━━━━━ Supplied records

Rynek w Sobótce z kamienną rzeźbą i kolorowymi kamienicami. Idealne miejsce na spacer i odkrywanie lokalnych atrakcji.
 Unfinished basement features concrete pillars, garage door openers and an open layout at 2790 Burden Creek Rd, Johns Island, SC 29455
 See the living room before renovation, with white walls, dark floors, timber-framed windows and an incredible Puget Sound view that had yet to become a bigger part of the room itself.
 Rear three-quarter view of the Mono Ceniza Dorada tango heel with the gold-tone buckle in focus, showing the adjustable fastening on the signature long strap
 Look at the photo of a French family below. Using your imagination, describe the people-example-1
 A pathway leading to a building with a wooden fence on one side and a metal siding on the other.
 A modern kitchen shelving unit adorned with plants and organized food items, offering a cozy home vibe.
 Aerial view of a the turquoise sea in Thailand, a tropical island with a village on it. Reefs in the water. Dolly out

━━━━━━━━━━

Problem details:
Repeat the data. Keep every word the same.

Result of this task:
Rynek w Sobótce z kamienną rzeźbą i kolorowymi kamienicami. Idealne miejsce na spacer i odkrywanie lokalnych atrakcji.
 Unfinished basement features concrete pillars, garage door openers and an open layout at 2790 Burden Creek Rd, Johns Island, SC 29455
 See the living room before renovation, with white walls, dark floors, timber-framed windows and an incredible Puget Sound view that had yet to become a bigger part of the room itself.
 Rear three-quarter view of the Mono Ceniza Dorada tango heel with the gold-tone buckle in focus, showing the adjustable fastening on the signature long strap
 Look at the photo of a French family below. Using your imagination, describe the people-example-1
 A pathway leading to a building with a wooden fence on one side and a metal siding on the other.
 A modern kitchen shelving unit adorned with plants and organized food items, offering a cozy home vibe.
 Aerial view of a the turquoise sea in Thailand, a tropical island with a village on it. Reefs in the water. Dolly out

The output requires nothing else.